--- Data extract ---
%%
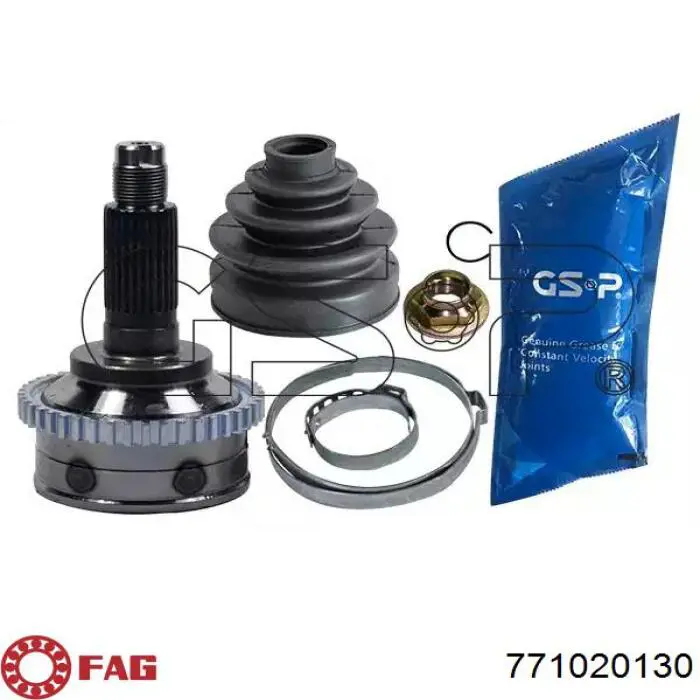 Junta homocinética externa dianteira FAG 771020130 preço, a partir de 33,77 USD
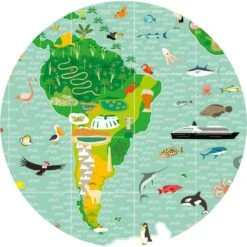 Puzzle 200 Pièces - Puzzle Observation : Les Monuments Du Monde - Djeco -Les Amis Ludiques Soldes djeco puzzle 200 pieces puzzle observation les monuments du monde 3070900074125 4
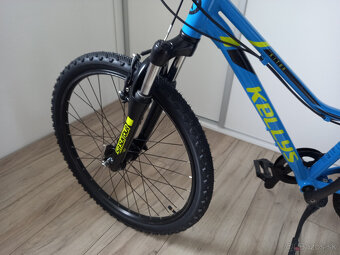 Detský bicykel Kellys Kiter 70, velkosť 24" - 6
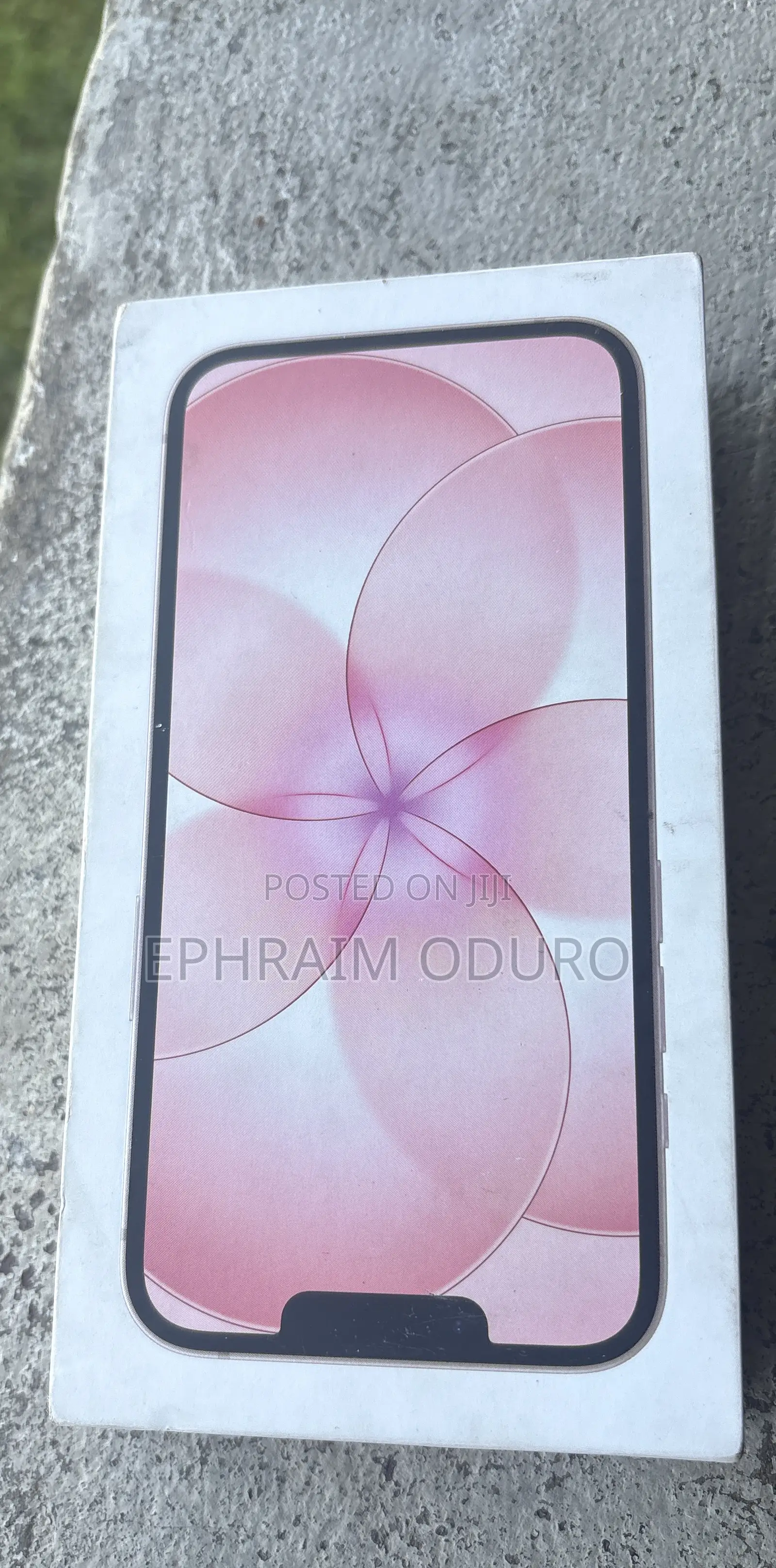 New Apple iPhone 17e 256 GB Pink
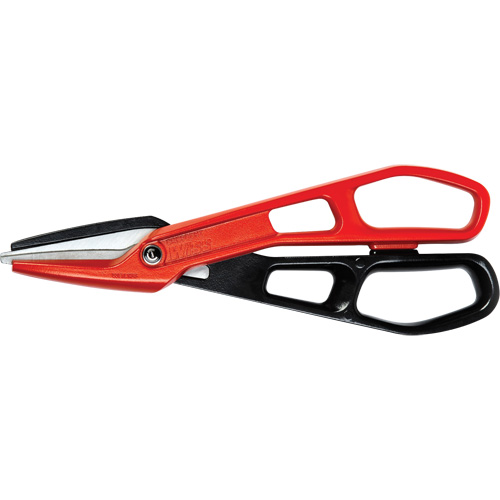 Lightweight Aluminum Tinner Snips, 3" Cut Length, Straight Cut Seaboard Timber Mart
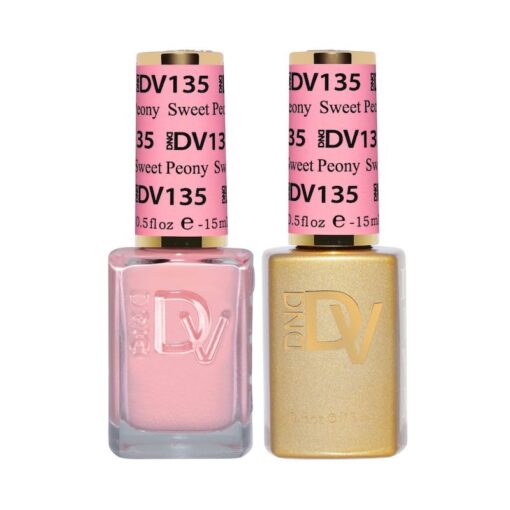 DIVA Duo Gel & Lacquer - 135 Sweet Peony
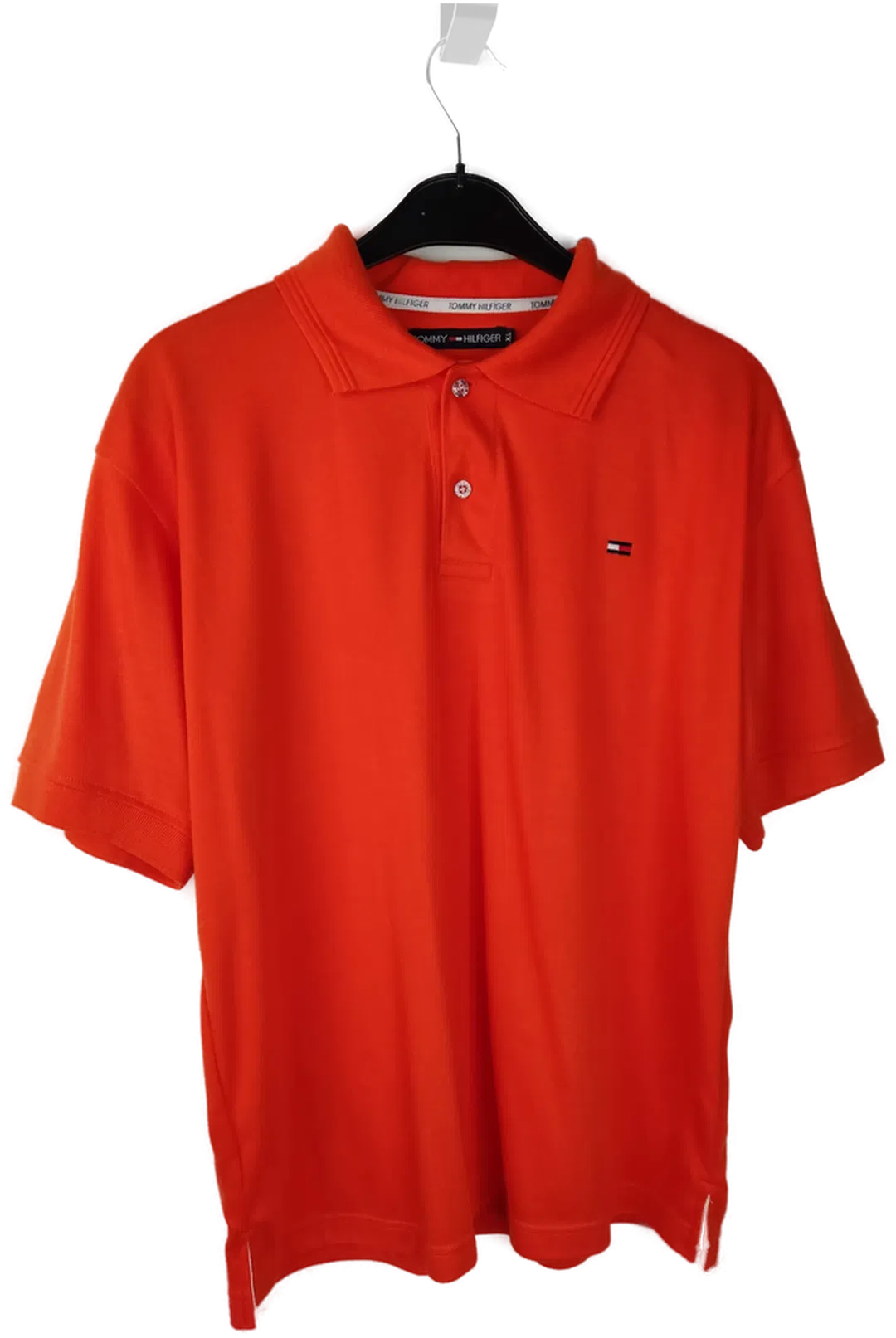 Herren T-Shirt Tommy Hilfiger Gr. XL Orange | Sommerleicht - Bild 1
%%
Without any pictures, reproduce the lines from the first one in the material through the line that has "Lightweight Aluminum Tinner", exactly as they appear.

 Junta homocinética externa dianteira FAG 771020130 preço, a partir de 33,77 USD
 Puzzle 200 Pièces - Puzzle Observation : Les Monuments Du Monde - Djeco -Les Amis Ludiques Soldes djeco puzzle 200 pieces puzzle observation les monuments du monde 3070900074125 4
 Detský bicykel Kellys Kiter 70, velkosť 24" - 6
 New Apple iPhone 17e 256 GB Pink
 Lightweight Aluminum Tinner Snips, 3" Cut Length, Straight Cut Seaboard Timber Mart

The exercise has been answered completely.